Don’t miss the enormity of this issue. Not only are people leaving the Church, but many are coming in and out your doors without meeting Christ. Inevitably, some will simply refuse to accept Christ no matter how evangelistically healthy a church becomes. But a large group of people, possibly tens of thousands who could be reached for Christ, are leaving the Church.

So what does this mean in my opinion? First, we need to be reaching out to those with families and who as many of us know struggle early on in our marriages with the juggling of kids, work, and other responsibilities. We need to make a special effort to let them know, at least while in the doors of the church if that is all we have, that they do not stand alone. Many of us have been where they are and in many cases still are.

Second, and for me and big one, stop the clicks and favoritism. For new people it is easily seen and observed and for the season member it just simply gets old. We must be mindful of the little things we do and say. Example: I once attended a gathering for a guest speaker, during this gathering several tables had been set up with only one being clearly marked as the speakers table. A couple whom it later was found out that had just visited the church that morning came to hear the speaker later that week at this gathering. Not knowing really anyone they came in and sat at the first table they found. No one had obviously been setting there so they took off their coats and sat down. After a short time one of the organizers of the event came by and told them that, “this table is saved, could you please find another seat.” The look in the people’s eyes said it all, shocked! They moved quietly to another table, listen to the speaker, and then quickly got out and have yet to be seen again. Now the sad thing is the organizers all sat at that table together. What was the big deal about them sitting there? Nothing, it came down to the click wanting to be together not about what was right or what Jesus would have done.

Third, we need to reach out more to the non-Christians in our churches. If like me you find it hard at times to know who is and who isn’t, ask someone who might have been there longer than you or simply go up to someone and introduce yourself.

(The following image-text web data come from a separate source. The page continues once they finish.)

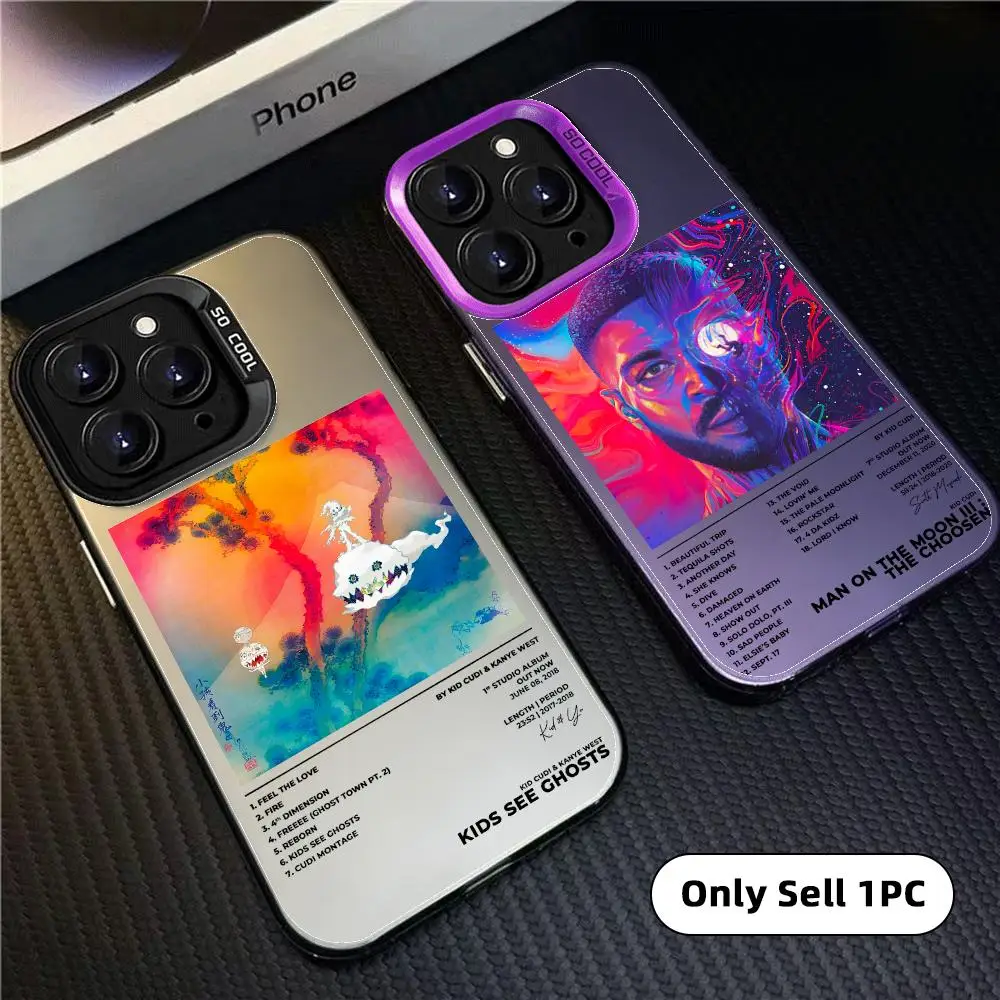 Rapper Kid C-Cudi Phone Case F - огляд і ціна Phone Cases Amazon
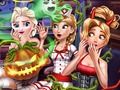 Igra Scary Kabina Halloween  online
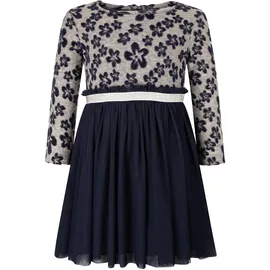 happy girls Sommerkleid dress blau 104 EU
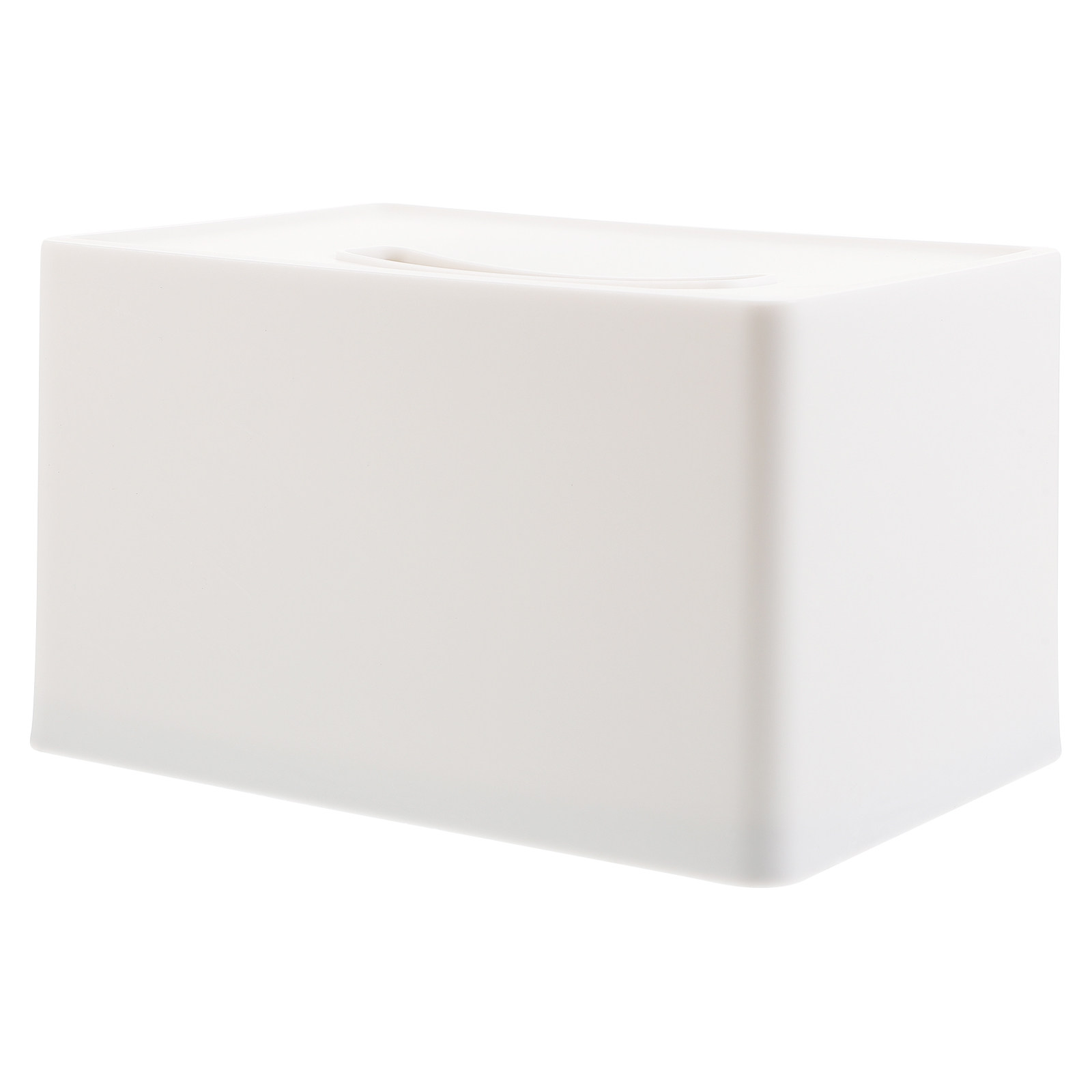 Home Bathroom Towel Dispenser - Stylish Compact Tissue Box Cover for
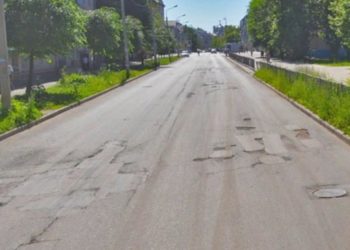 В Казани по нацпроекту отремонтируют улицу Гагарина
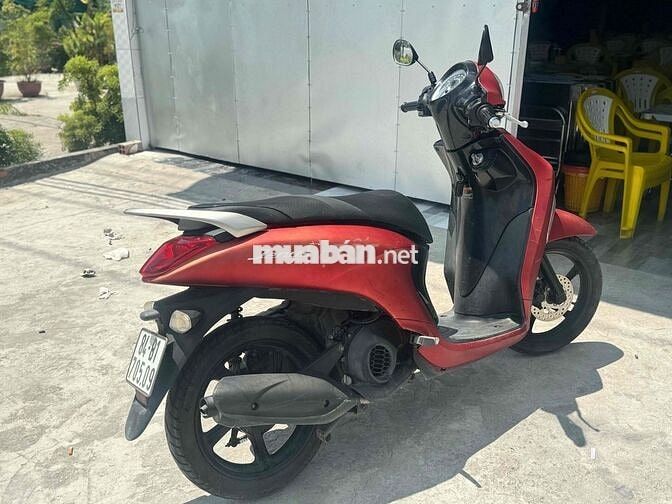 Yamaha Janus 2019 Đỏ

You don’t have to find out at that moment if they are a Christian or not, but began to build a relationship with them and soon you will know. We need to get the new Christians or even the non-Christians involved as soon as we can. Yes, I said non-Christians involved. Andy Stanley so clearly points out in his book Deep & Wide that getting the non-Christians involved in simple things can make a big impact on their growth towards Jesus. Yet, most churches use the same people for most of what they do. Branch out and get these people involved, they are searching that is why they are there, find a place for them to fit in!

As you may have noted the first reason was to do with the preacher. I intentionally skipped that one and saved it for last. There is so much I could say here but I will leave it to this. People want a God fearing, Christ centered, loving man to lead them. However, they want someone approachable, not unlike them in many ways, and who can relate to their feelings, needs, and struggles. It is in my humble opinion that more often than not our well educated pastors miss that mark. Do they know the bible, yes! Can they preach the most amazing sermons you have ever heard, yes! Are they Godly men, yes! Do they relate to the people they are preaching too, in many cases, no! Just my two cents worth!